::: DATA TO PROCESS
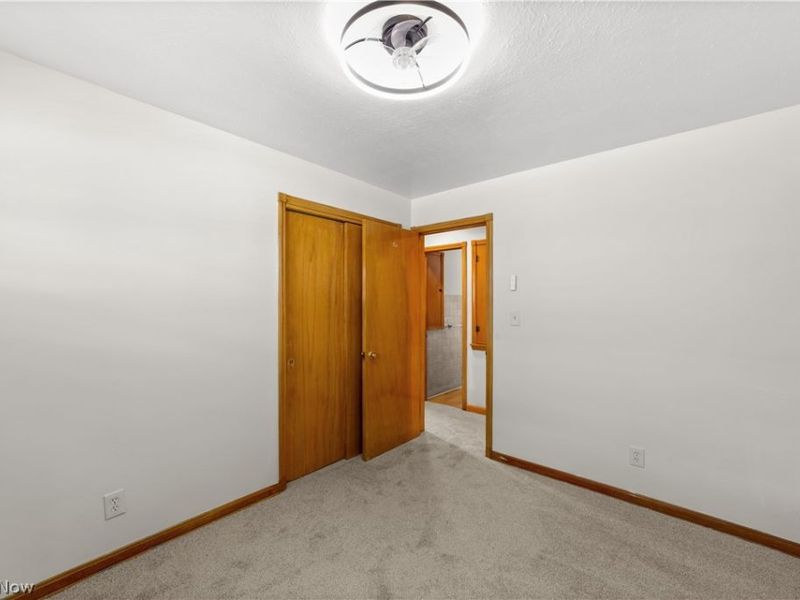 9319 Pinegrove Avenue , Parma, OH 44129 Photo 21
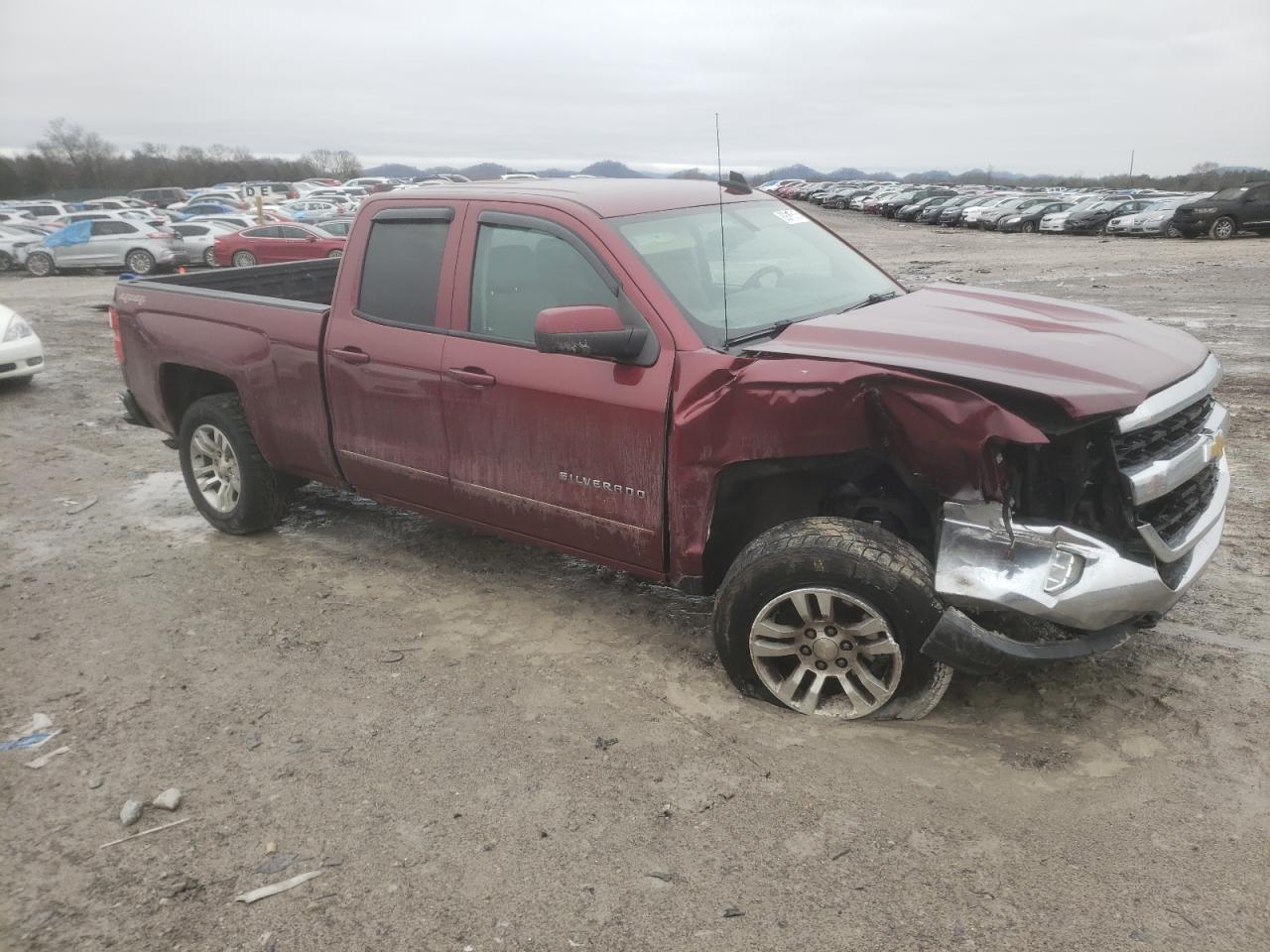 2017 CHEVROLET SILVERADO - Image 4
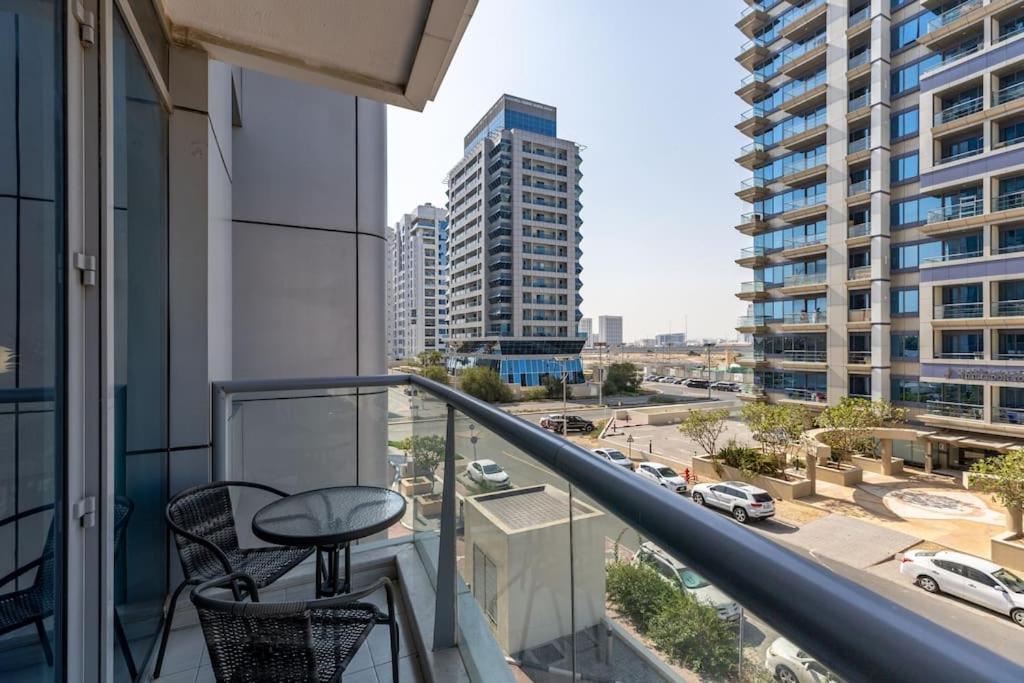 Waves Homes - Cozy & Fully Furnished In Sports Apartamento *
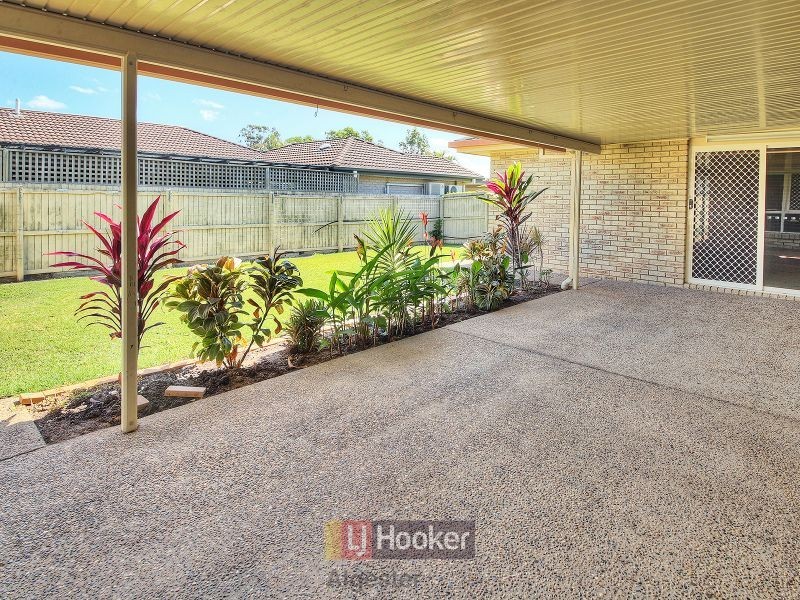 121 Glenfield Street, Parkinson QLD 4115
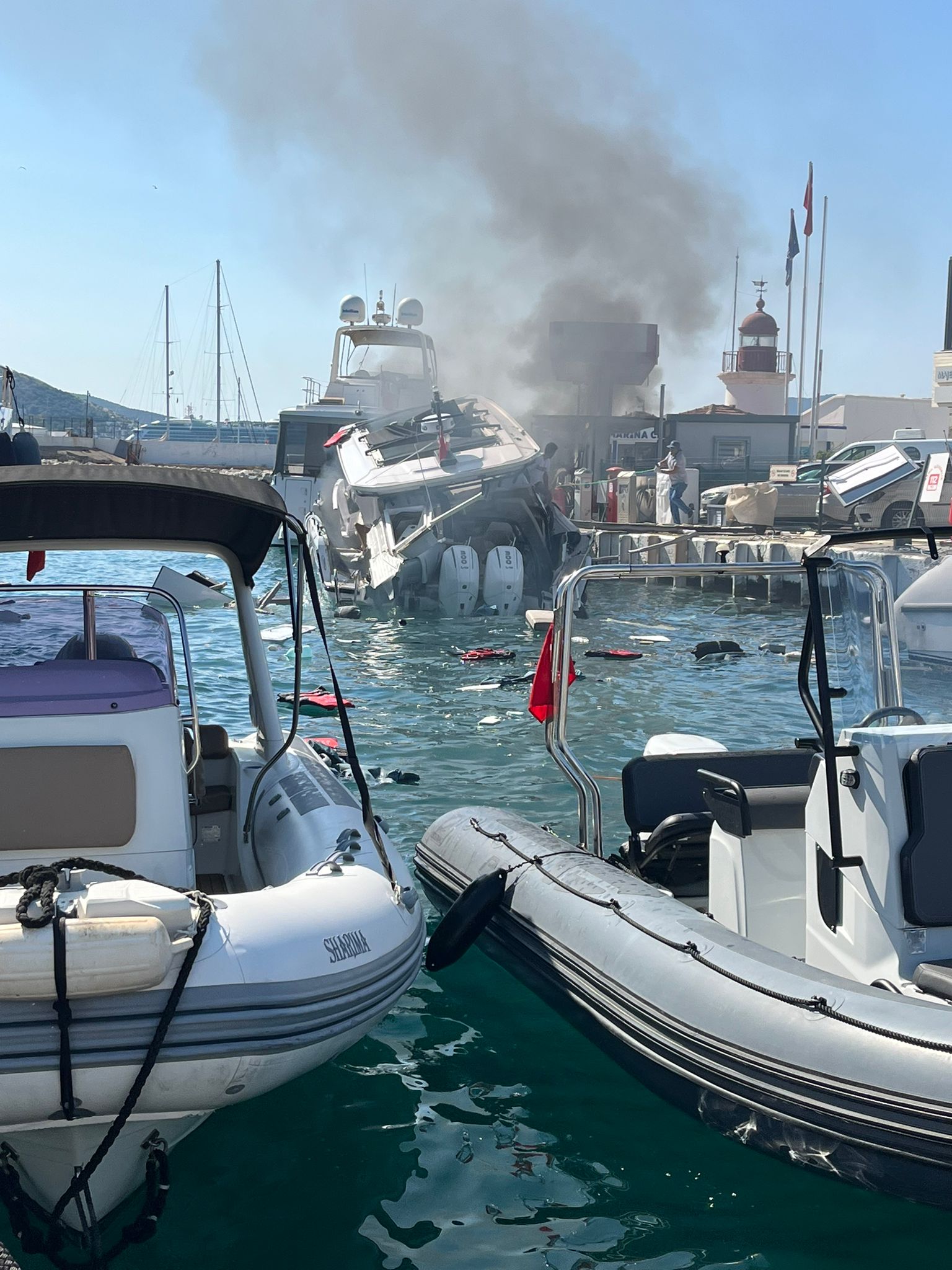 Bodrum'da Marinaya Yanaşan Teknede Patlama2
::::::
::: DATA TO PROCESS
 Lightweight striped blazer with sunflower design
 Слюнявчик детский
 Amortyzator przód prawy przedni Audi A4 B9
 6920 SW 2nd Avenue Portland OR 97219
::::::
PROBLEM STATEMENT:
Copy word for word the span of the records above that begins at the line with "9319 Pinegrove Avenue" and ends at the line with "Bodrum'da Marinaya Yanaşan Teknede Patlama2", including those two lines but not the pictures.

TASK SOLUTION:
 9319 Pinegrove Avenue , Parma, OH 44129 Photo 21
 2017 CHEVROLET SILVERADO - Image 4
 Waves Homes - Cozy & Fully Furnished In Sports Apartamento *
 121 Glenfield Street, Parkinson QLD 4115
 Bodrum'da Marinaya Yanaşan Teknede Patlama2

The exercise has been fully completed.